(Input Opens)

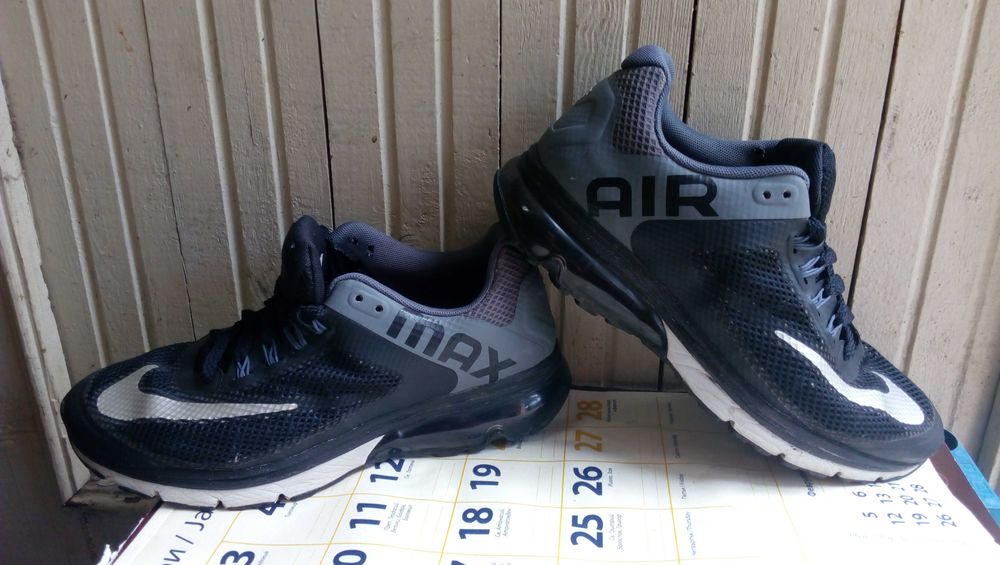 Nike Air Max Excellerate Plus 2''оригинални маратонки 39 номер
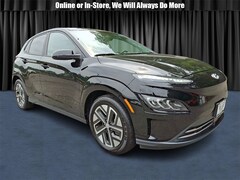 2022 Hyundai Kona Electric Limited SUV For Sale in Rockaway, NJ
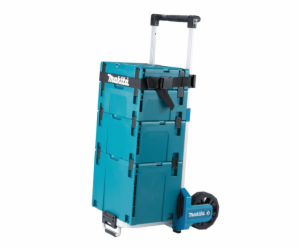 Makita TR00000001 MAKPAC Wheeled Gear Bag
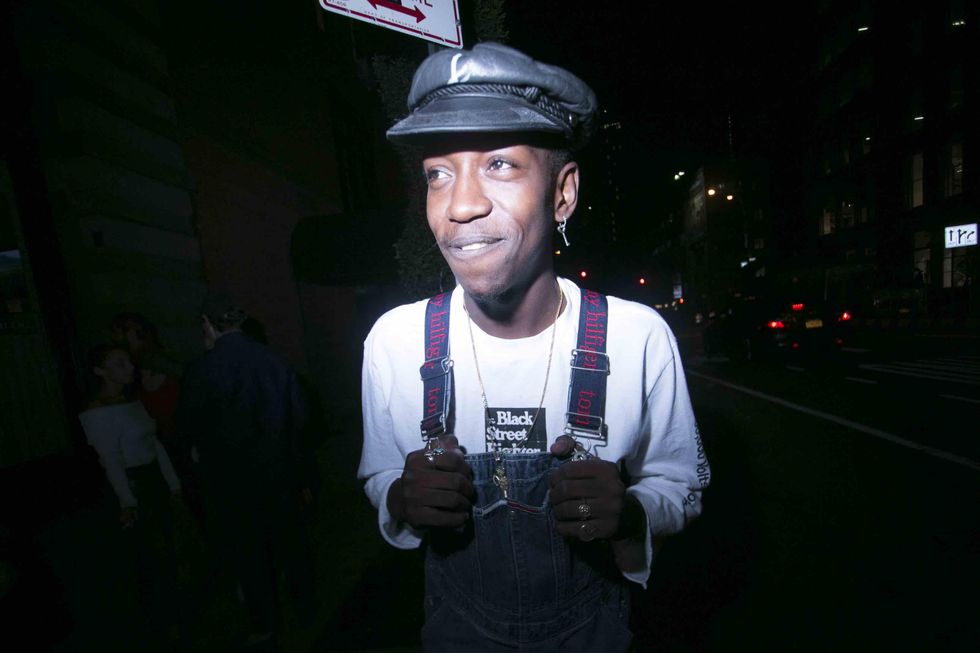 Músed NYFW After Party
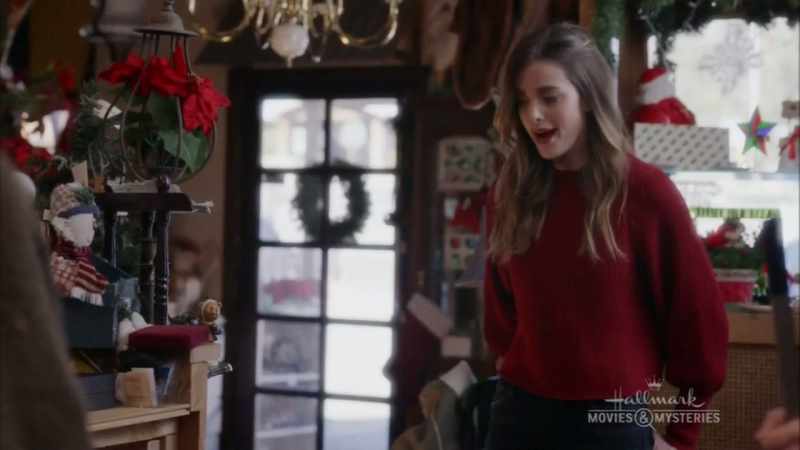 That's wonderful news! - Yeah, it is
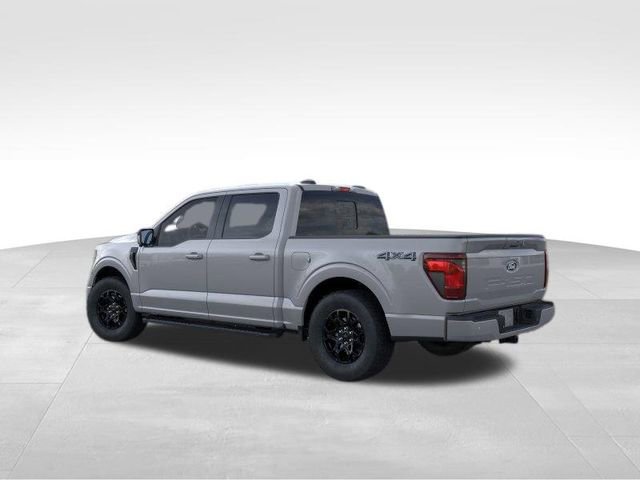 New 2026 Ford F150 XLT w/ Equipment Group 302A MID image 5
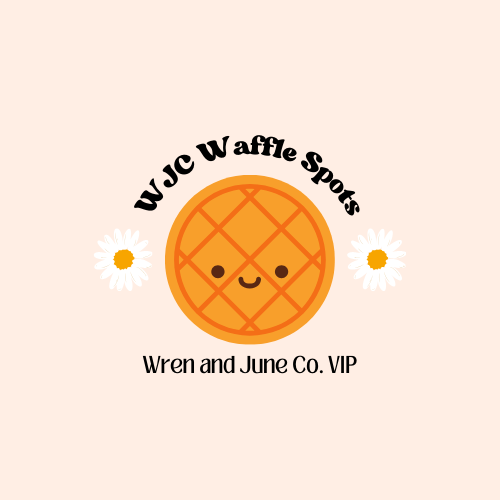 WAFFLE SPOTS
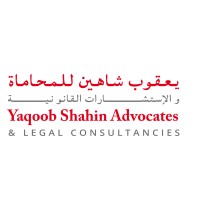 YS Advocates and Legal Consultancies logo - Similar company to Middle East Legal Translation
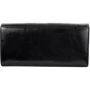 Жіночий гаманець Lorenti чорний (DNKL72401-BPR-black): Формат гаманця горизонтальний
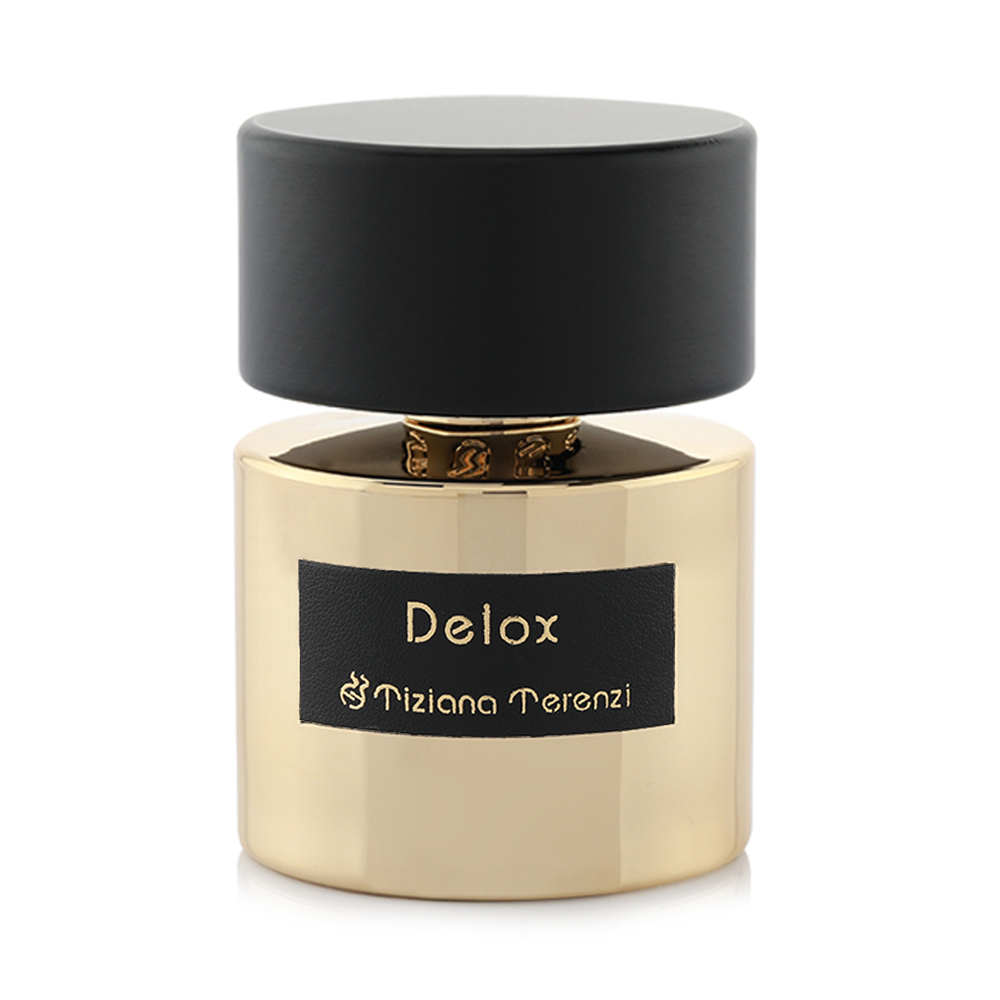 Delox Eau De Perfume - 100 Ml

(Input Closes)

[Exercise details]:
Leave out every picture, and write out exactly the lines from the one with "New 2026 Ford" through the end of the records above, both ends included.

[Your response]:
 New 2026 Ford F150 XLT w/ Equipment Group 302A MID image 5
 WAFFLE SPOTS
 YS Advocates and Legal Consultancies logo - Similar company to Middle East Legal Translation
 Жіночий гаманець Lorenti чорний (DNKL72401-BPR-black): Формат гаманця горизонтальний
 Delox Eau De Perfume - 100 Ml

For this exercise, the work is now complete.